One minute your fine, just driving along not a care in the world and then suddenly the world turns upside town. My last episode with an attack while driving occurred about 2 miles from work. I made a turn and started down a hill. halfway down the hill I felt my head suddenly get heavy. I panicked. This made the situation much worse. Luckily I was at an intersection where I could turn off the road (very slowly) in to a shopping center.

From there I sat and called work then I called 911. It took awhile for them to get there because I happened to turn into the back of the shopping center close to the store's loading dock. The 911 operator assured me that they were coming. I could hear the siren getting closer. Unfortunately the ambulance had to circle the building several times before they found me.

Since then I am very careful about driving even if I don't feel like an attack is going to happen. I make sure that I have my cell phone on and I make sure that I carry water and my medication where ever I go.

Monday, March 2, 2009

The effects of Meniere's Disease on work

I remember the first attack that I had at work. I was on the computer checking my email when I started to feel a little woozy. I looked away from the computer screen and the spinning started immediately almost knocking me off my chair. I didn't know if it was meniere's or maybe it was a heart attack. I closed my eyes and breathed deeply. That was a mistake because I became nauseous and started to gag. I opened my eyes and the room was spinning so quickly that my vision was blurred. I didn't know what to do! Without looking at the phone in front of me I picked up the receiver and attempted to call one of my co-workers. After the fourth attempt I was able to get hold of someone. I told him that I needed help fast.

He called his boss and they came to my room where they found me on the floor throwing up. I told them that I didn't think that it was a heart attack but I wasn't sure. They called 911 and then they called my wife who became panic stricken. I felt awful about worrying her but she had to know.

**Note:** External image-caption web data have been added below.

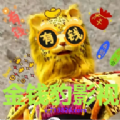 金钱豹影视app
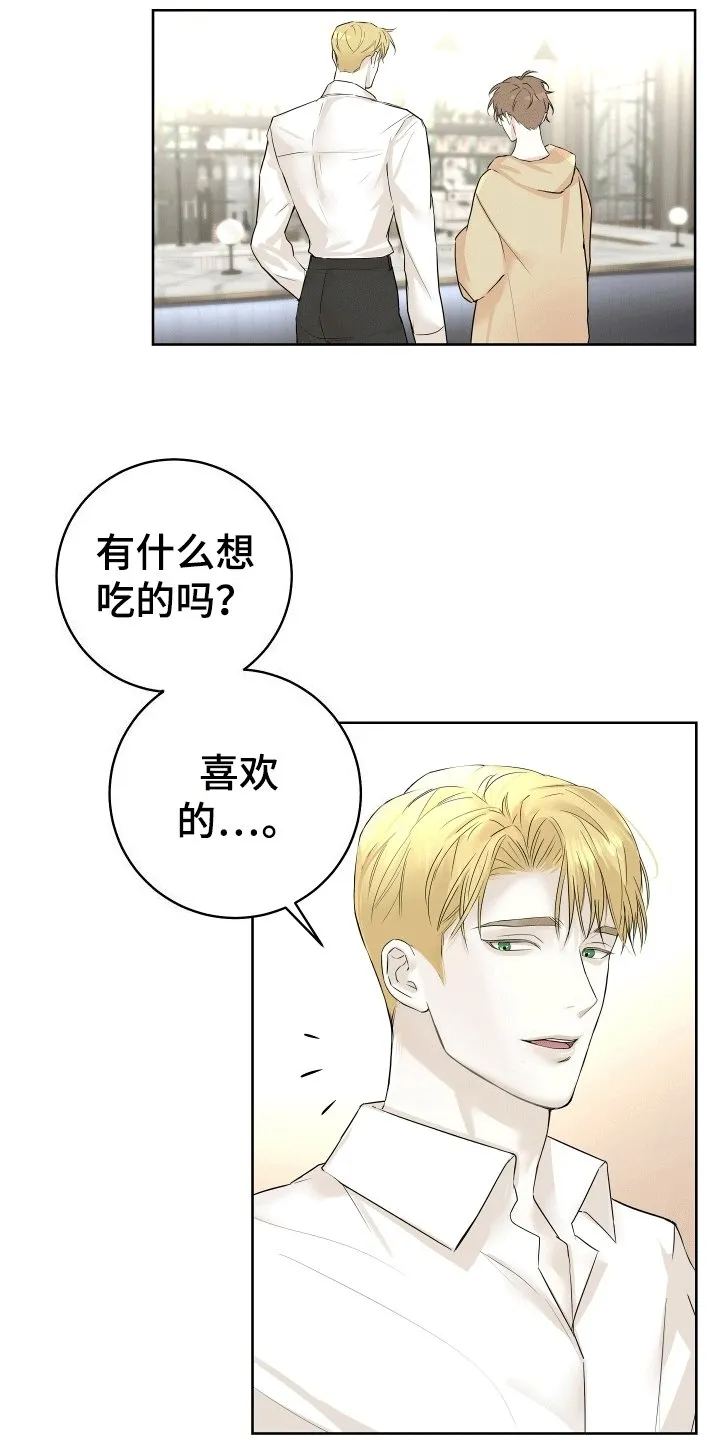 第6章：谈天 第9页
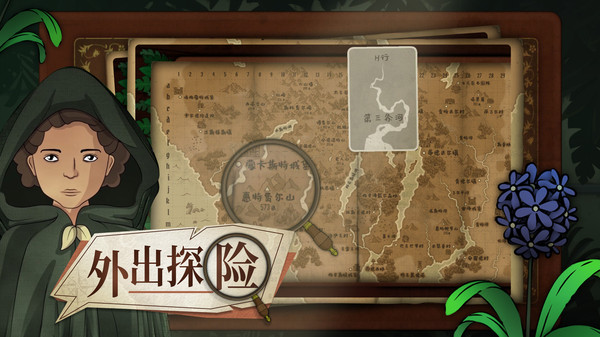 奇異園藝安卓中文版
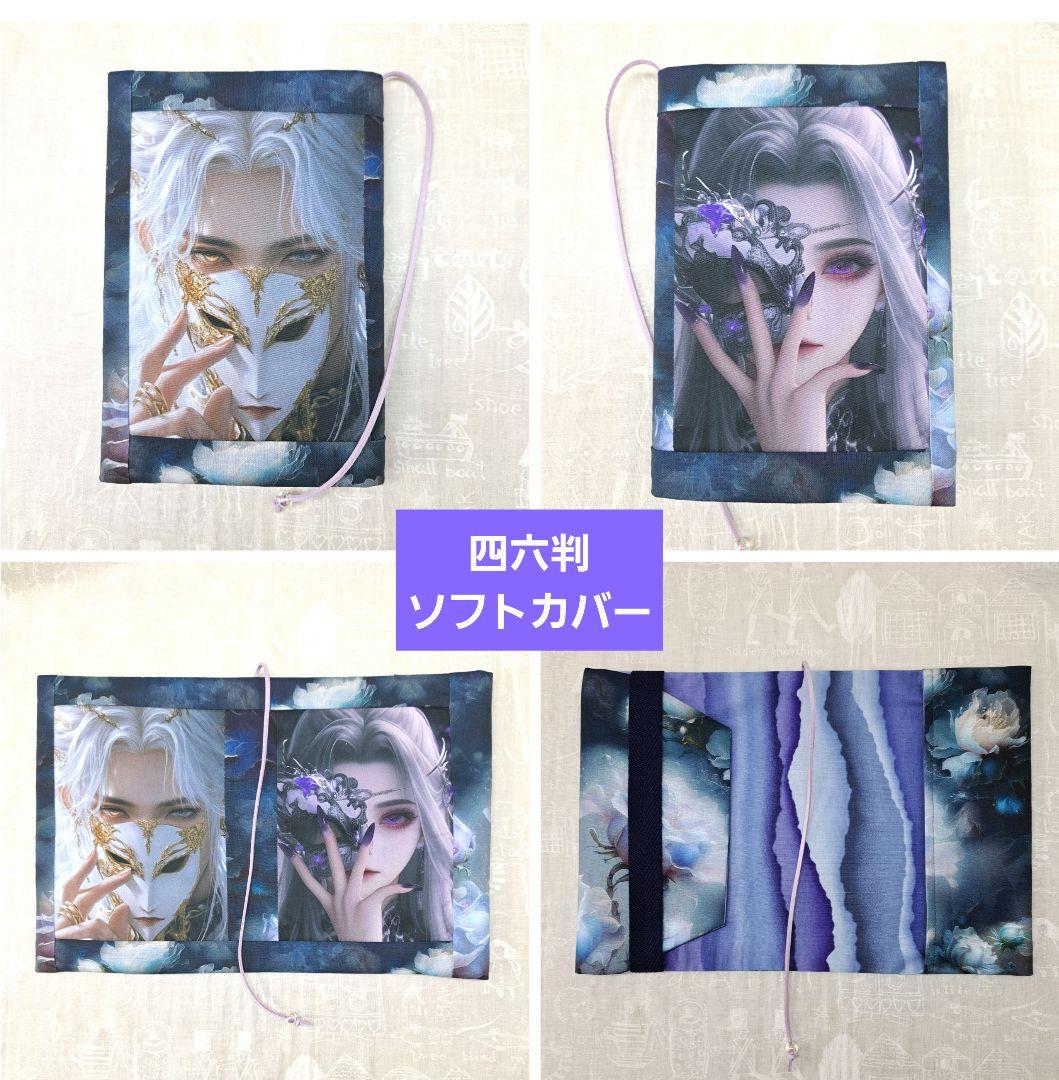 cherie chien①ブックカバー、スマホポーチ、ミニショルダー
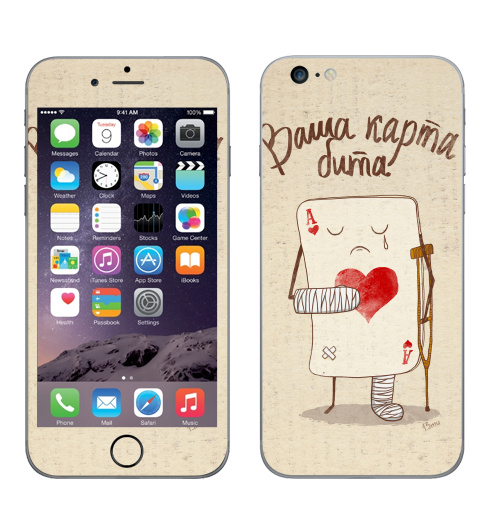 Наклейка на Телефон Apple iPhone 6 plus Ваша карта бита,  купить в Москве – интернет-магазин Allskins, детские, больно, перелом, гипс, туз, костыль, хулиган, слеза, карты, гики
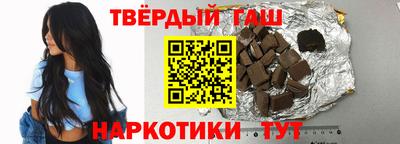 метамфетамин Новозыбков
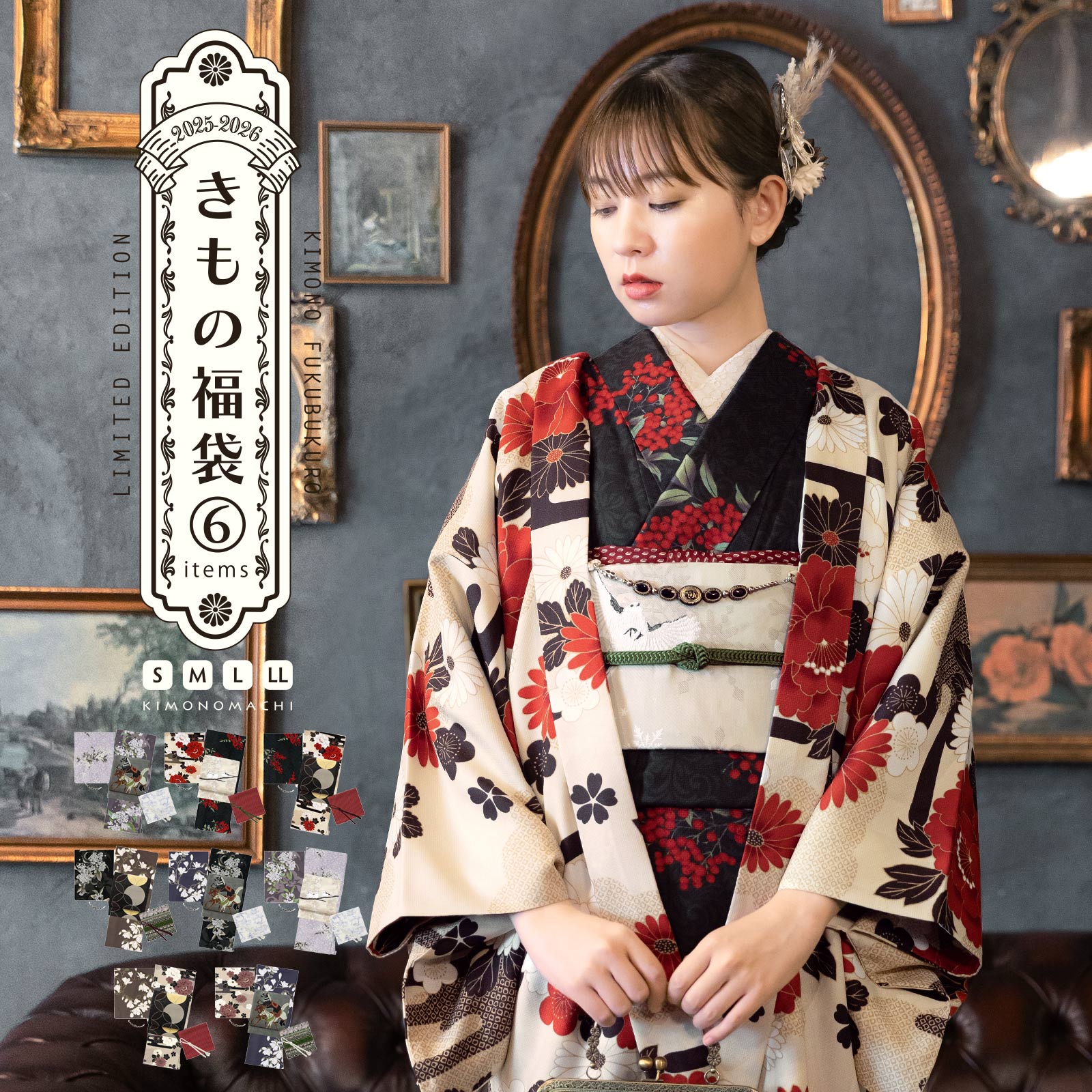 京都きもの町[本店] ＞ きもの福袋 から探す ｜着物通販｜留袖 訪問着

The ambulance came and started an IV and wheeled me through the hallway. By this time there was a crowd around my office wondering what had happened. The medicine that they gave me eased me off enough to stop the nausea but my head was still spinning.

my wife made it to the emergency room with my son who was 3 at the time. He was very scared seeing me so sick with an IV sticking in my arm. My wife didn't want to take him but she had no choice since she didn't have time to call for any help.

I wish I could say that was my last experience with getting an attack at work but it wasn't. Over the course of the next 4 years I had 4 more ambulance rides to the emergency room.

Luckily the people I work with have been very caring with me and very helpful. The effects of Meniere's Disease on work can be very devastating.